In true chef fashion, he woos her through his cooking. First there is the dinner Lina insists upon, where Martha is shunned from her own immaculate kitchen and treated to a meal Lina and Mario have prepared, only they eat it camp out style on the living room floor. The ultimate seduction occurs with a sauce brought over in the middle of the night. He feeds a blindfolded Martha one spoonful at a time as she expertly deduces the ingredients. There is more underlying passion, and yes, sensuality in this scene than in all the compulsory aerobic sex scenes so commonplace today.

Don’t expect fast action or thrills in this understated work that, like “a good sauce, insinuates itself imperceptibly and awakens the palate” to a feast as sweet as it is subtle.

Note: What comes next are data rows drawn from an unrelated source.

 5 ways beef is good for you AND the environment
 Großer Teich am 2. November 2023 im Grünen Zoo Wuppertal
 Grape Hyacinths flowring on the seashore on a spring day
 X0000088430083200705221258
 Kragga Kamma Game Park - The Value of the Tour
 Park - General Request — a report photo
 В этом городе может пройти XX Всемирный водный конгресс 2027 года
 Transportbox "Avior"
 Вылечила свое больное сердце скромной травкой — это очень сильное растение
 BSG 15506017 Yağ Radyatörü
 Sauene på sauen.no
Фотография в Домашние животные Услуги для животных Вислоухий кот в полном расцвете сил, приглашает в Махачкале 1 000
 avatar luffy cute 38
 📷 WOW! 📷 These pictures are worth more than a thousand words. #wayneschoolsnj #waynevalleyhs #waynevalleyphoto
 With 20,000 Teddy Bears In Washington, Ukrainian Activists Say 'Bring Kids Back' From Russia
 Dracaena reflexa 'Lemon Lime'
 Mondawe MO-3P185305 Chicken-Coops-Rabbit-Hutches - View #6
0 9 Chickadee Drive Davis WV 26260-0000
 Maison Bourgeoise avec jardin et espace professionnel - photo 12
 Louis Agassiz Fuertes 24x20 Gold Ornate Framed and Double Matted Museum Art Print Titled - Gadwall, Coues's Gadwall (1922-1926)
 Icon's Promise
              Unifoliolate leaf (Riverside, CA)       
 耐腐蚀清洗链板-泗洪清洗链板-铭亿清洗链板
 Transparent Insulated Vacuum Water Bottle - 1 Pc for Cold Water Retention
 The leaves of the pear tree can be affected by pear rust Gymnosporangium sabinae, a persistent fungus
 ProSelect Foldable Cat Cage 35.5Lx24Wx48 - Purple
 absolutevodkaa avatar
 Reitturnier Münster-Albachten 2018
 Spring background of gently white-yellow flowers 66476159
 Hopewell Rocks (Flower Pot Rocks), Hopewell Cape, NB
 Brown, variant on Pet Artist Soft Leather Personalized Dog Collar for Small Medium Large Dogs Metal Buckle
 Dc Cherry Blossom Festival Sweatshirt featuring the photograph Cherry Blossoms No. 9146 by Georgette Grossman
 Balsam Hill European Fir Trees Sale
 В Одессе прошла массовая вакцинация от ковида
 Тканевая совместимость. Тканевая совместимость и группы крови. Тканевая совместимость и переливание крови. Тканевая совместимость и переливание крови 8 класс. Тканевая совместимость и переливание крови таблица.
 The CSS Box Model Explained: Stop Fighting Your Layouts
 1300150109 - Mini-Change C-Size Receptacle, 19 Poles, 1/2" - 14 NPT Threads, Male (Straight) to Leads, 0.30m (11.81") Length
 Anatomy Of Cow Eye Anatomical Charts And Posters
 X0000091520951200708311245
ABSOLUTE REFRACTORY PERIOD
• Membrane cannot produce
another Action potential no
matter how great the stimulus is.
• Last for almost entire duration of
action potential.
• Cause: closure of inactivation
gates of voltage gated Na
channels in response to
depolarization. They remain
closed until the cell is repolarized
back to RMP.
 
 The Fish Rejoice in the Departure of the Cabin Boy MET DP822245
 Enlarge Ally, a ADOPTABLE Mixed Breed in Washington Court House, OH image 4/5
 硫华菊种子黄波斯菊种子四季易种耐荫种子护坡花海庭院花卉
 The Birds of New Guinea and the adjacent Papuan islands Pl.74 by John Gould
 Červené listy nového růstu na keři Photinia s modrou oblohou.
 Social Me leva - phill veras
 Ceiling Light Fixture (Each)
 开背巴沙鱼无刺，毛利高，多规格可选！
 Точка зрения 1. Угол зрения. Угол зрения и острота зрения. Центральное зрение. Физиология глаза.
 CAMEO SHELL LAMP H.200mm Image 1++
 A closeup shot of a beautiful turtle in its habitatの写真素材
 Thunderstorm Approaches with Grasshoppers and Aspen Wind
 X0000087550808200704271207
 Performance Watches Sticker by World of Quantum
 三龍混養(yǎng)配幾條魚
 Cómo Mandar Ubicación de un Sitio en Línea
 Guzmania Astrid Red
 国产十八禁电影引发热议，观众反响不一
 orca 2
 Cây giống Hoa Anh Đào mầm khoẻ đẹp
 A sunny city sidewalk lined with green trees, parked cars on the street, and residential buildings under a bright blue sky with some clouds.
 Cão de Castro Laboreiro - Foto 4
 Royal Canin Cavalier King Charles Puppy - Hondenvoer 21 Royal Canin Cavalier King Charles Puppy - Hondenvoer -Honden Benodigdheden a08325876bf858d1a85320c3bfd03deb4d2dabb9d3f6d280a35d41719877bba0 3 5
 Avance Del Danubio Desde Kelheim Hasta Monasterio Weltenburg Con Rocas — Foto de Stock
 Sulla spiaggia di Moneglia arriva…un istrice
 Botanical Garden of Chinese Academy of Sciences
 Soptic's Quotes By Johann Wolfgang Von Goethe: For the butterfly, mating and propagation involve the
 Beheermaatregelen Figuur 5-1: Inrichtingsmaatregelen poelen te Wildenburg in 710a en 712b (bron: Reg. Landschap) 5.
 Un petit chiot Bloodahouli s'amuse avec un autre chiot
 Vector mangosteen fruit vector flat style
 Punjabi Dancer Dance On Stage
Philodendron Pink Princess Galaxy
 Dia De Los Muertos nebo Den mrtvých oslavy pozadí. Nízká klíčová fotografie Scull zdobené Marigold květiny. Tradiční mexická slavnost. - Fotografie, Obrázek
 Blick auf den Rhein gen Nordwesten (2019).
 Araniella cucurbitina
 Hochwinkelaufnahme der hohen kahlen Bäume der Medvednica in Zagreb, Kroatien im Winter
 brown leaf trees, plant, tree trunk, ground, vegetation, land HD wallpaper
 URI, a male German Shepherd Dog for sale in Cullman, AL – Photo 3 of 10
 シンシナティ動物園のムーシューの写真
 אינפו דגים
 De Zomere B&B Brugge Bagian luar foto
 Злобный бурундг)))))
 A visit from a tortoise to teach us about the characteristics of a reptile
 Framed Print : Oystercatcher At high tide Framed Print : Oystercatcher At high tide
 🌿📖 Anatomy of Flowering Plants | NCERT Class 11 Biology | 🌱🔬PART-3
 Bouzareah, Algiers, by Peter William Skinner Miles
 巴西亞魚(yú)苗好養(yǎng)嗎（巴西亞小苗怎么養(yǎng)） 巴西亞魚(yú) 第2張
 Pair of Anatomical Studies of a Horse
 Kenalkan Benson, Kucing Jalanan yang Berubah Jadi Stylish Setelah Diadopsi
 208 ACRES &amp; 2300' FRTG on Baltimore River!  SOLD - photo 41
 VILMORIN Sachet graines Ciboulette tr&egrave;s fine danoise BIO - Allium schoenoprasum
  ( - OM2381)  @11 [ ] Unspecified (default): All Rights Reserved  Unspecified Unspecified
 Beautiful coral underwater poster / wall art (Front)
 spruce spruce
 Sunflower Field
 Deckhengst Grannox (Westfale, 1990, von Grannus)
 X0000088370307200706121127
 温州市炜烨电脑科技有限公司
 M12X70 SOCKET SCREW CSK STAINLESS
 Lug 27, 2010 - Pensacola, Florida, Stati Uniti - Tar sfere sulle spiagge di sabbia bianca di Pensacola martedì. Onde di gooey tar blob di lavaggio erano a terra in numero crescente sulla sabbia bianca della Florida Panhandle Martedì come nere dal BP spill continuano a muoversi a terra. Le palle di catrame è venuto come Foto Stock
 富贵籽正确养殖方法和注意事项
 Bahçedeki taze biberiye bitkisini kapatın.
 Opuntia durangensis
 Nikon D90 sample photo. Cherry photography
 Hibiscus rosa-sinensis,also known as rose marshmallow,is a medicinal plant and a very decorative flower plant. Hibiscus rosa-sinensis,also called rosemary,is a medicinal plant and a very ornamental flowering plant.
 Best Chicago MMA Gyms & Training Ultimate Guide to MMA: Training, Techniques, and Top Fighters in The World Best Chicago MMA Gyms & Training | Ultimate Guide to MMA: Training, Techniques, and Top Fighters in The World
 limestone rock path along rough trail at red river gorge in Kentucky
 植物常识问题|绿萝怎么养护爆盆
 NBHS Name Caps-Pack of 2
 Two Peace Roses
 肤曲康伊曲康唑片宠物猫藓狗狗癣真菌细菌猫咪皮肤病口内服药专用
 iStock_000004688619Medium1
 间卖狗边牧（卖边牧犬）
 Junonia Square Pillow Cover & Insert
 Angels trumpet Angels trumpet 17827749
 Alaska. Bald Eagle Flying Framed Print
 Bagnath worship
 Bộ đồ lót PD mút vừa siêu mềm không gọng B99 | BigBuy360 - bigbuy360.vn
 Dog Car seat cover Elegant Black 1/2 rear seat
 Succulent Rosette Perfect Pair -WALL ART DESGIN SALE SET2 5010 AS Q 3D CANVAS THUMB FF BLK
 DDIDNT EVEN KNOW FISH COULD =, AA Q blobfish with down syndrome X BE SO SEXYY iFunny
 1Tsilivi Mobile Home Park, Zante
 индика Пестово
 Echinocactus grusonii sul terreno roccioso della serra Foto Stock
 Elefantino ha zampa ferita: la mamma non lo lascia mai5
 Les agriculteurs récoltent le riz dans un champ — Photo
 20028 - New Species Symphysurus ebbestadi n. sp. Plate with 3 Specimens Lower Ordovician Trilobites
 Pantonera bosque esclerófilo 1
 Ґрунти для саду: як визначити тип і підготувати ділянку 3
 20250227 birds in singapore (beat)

*Do not confuse this with the very mediocre American version, No Reservations. Maddie Thomas of The Guardian said it best. “Mostly Martha” is a feast of a film, and No Reservations is a dog’s dinner.” (No offense to dogs or their loving owners, of course.)

—Kathy Borich

Film-Loving Foodie

I will forgo of all those elegant gourmet dishes that Martha talks about to her shrink, such as Roasted Pigeons with Truffles and Glazed Shallots served with a Madeira and Port Wine Sauce, because what really turns the movie in on itself is the pasta.

Lina, the grieving orphan in her aunt Martha’s care, rejects all of these culinary masterpieces in favor of al simple bowl of pasta. Seated upon the stainless steel countertop in the immaculate kitchen at The Lido restaurant in cold and gray Hamburg, she eats it like any kid would, with plenty of noise and relish as she sucks each wiggly noodle into her mouth. 

Suddenly we are with her in warm and sunny Italy, where we enjoy ours with a full glass of wine and plenty of crusty bread. Now all that is lacking is Dean Martin’s Volari in the background, inviting us to dance

Oh, wait! I found it.

Pasta Carbonara

Ingredients

  • 1/2 pound bacon, cut into small pieces

  • 4 eggs, room temperature

  • 1/4 cup heavy cream at room temperature

  • 1 cup grated Parmesan cheese

  • 16 ounces dry fettuccine pasta

  • 1/4 cup butter, softened

  • 1/4 cup chopped parsley

  • ground black pepper to taste

Directions 

  1. Cook bacon until crisp. Drain on paper towels.

  2. In medium bowl beat together eggs and cream just until blended.

  3. Stir in cheese and set aside.

  4. Cook pasta according to package directions. Drain and return to pan.

  5. Toss with butter until it is melted. Add bacon and cheese mixture and toss gently until mixed.